Enough of the mixed cliche/pun or whatever. As we head towards the Christmas period a number of things are starting to crystallize about Brexit – the chances of getting a soft Brexit are becoming slimmer by the day. The latest blow to this came from the latest twist in the Singapore/EU trade deal which would seem to indicate that any Brexit deal will have to ratified by all of the remaining EU countries which will be a devil’s own job. Of course the advantage that Britain has over Singapore is that we already comply with all the standards etc that the EU requires. However, this doesn’t mean that it will be easy, even before we come to the ratification by other EU countries, because of two real stumbling blocks: Free movement of people and the role of the European Court of Justice. How this is overcome is where a willingness to compromise on both sides will be paramount and a realisation that it is in both sides interest to do so.
This doesn’t mean that a deal won’t be struck but it looks very very unlikely in the two year article 50 period and I doubt that there is any political will on the British side to extend that time line which means we will have to trade with the EU as though we were never a member of the EU which of course will hurt the EU just as much as it will hurt Britain but that doesn’t mean it won’t happen.

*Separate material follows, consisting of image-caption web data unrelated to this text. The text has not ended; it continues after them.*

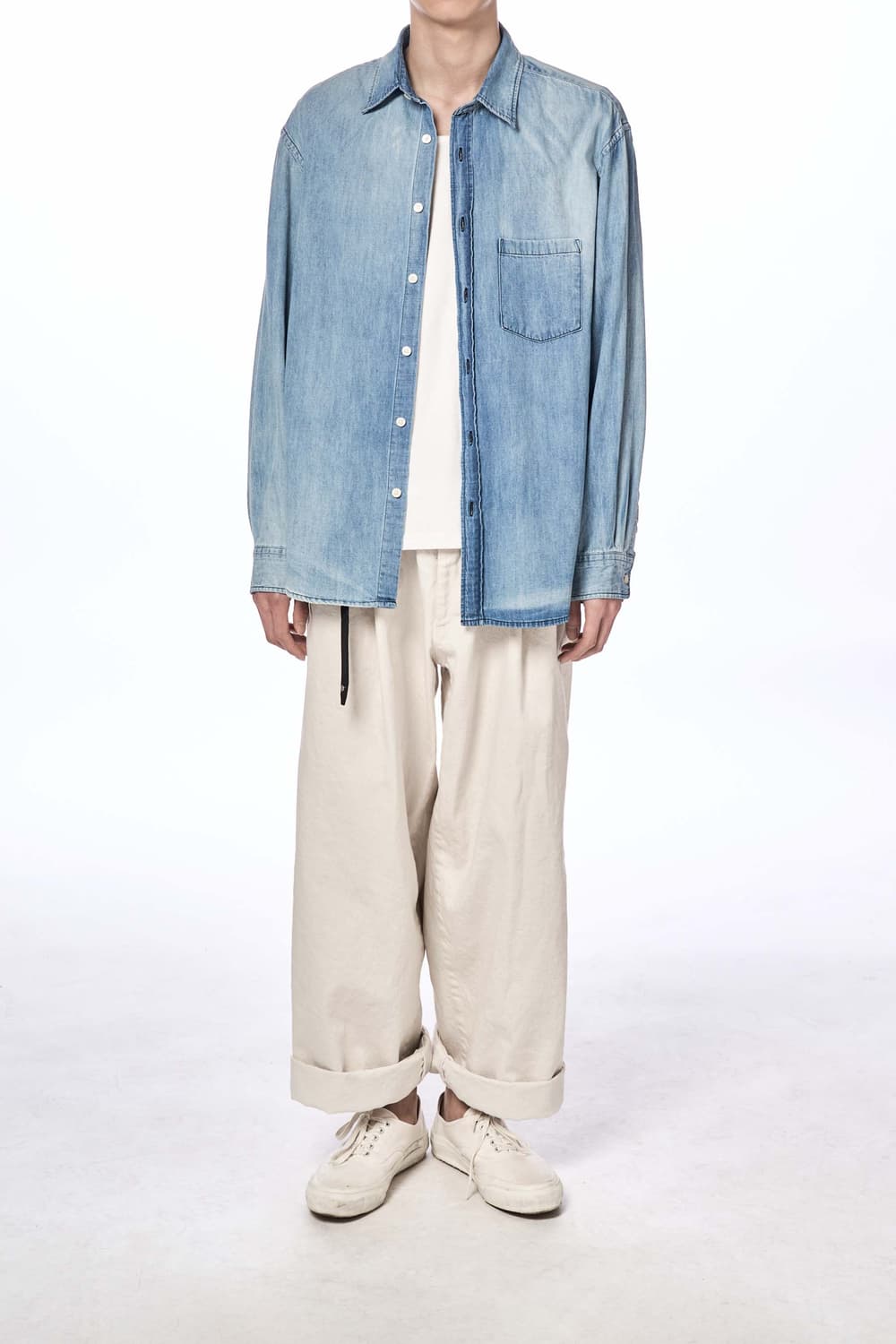 [M] 이얼즈어고 Y-959 오키야마 원턱 와이드 데님 에크루 상품이미지6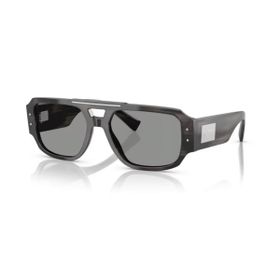Dolce & Gabbana DG 4482 34401 57 Pilot Gri Çizgili Kemik Erkek Güneş Gözlüğü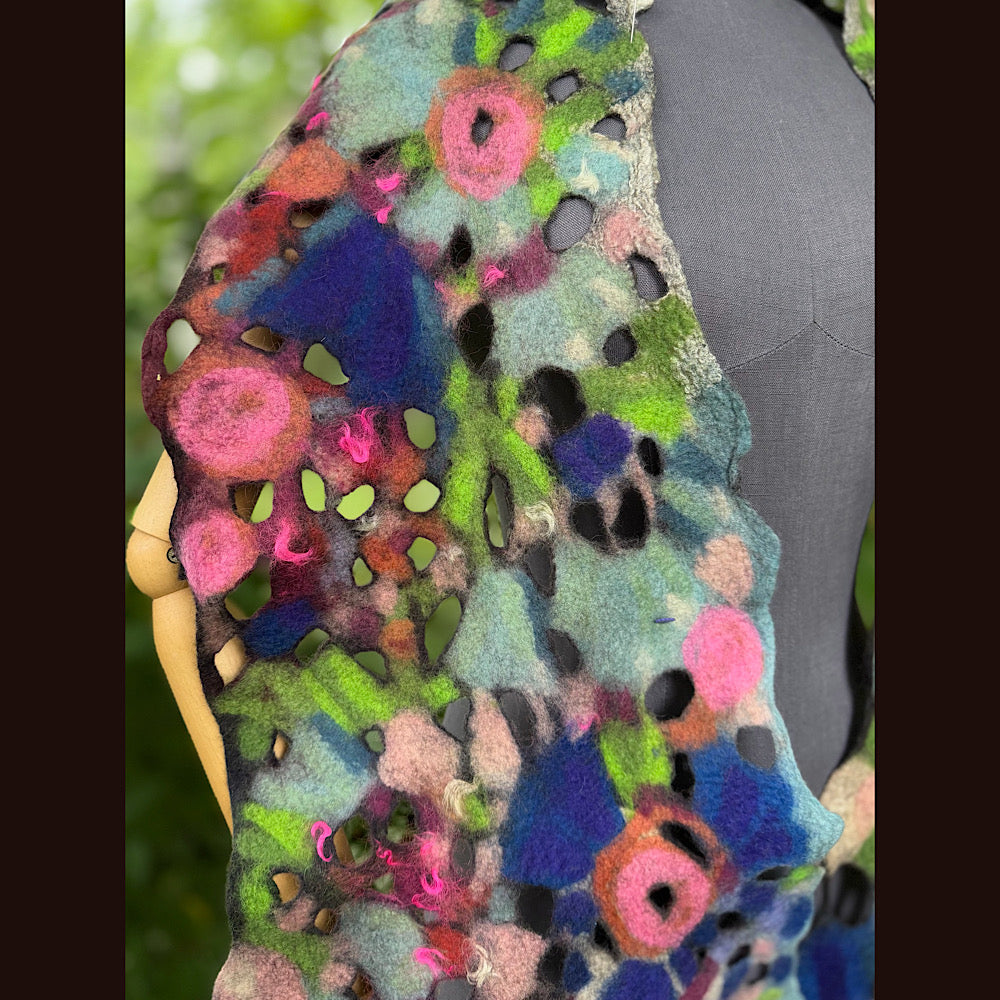 OOAK Handmade wool Felted Scarf 90” X 17”Original art work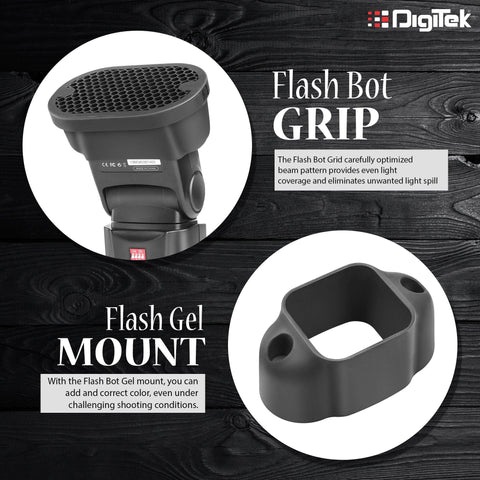 Digitek (DFB 001) Professional Flash Accessories Kit Universally Compatible | New Labeled Flash Diffuser | Bounce | Grid| Gel | Grip & Sphere. (DFB 001) Flash (White) - Digitek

So in the New Year anybody who is responsible for exporting from Britain will really have to come to terms with a world where there is no trade deal between Britain and the EU and have to plan accordingly. It will mean that some jobs will be displaced but as to what the true extent of that maybe we will have to wait and see. There will be a huge amount of noise and smoke floating around as groups lobby for their own special interest but that is one of the many costs of living in a free country.
So as the year come to a close I have now spent quite a bit of time reflecting on Brexit and I have to say I have somewhat changed my mind. Yes I wanted us to stay in the EU but that boat has sailed. I now think that we need to embrace Brevit as a clean break as anything else will be a drag on the economy. We are going to have to accept that in the short term there will be a cost to be paid and we will have to hope that it is worth it. I suspect it won’t be as high as I feared before the vote but there will be a cost nonetheless. We do have numerous advantages compared to all of the countries left in the EU and we should try and profit from them especially if the EU doesn’t want to work with Britain to both our mutual benefit. It is going to be a bumpy and at times painful next 10 years but we will survive because you know what we have been through these things before and we have done so in the past.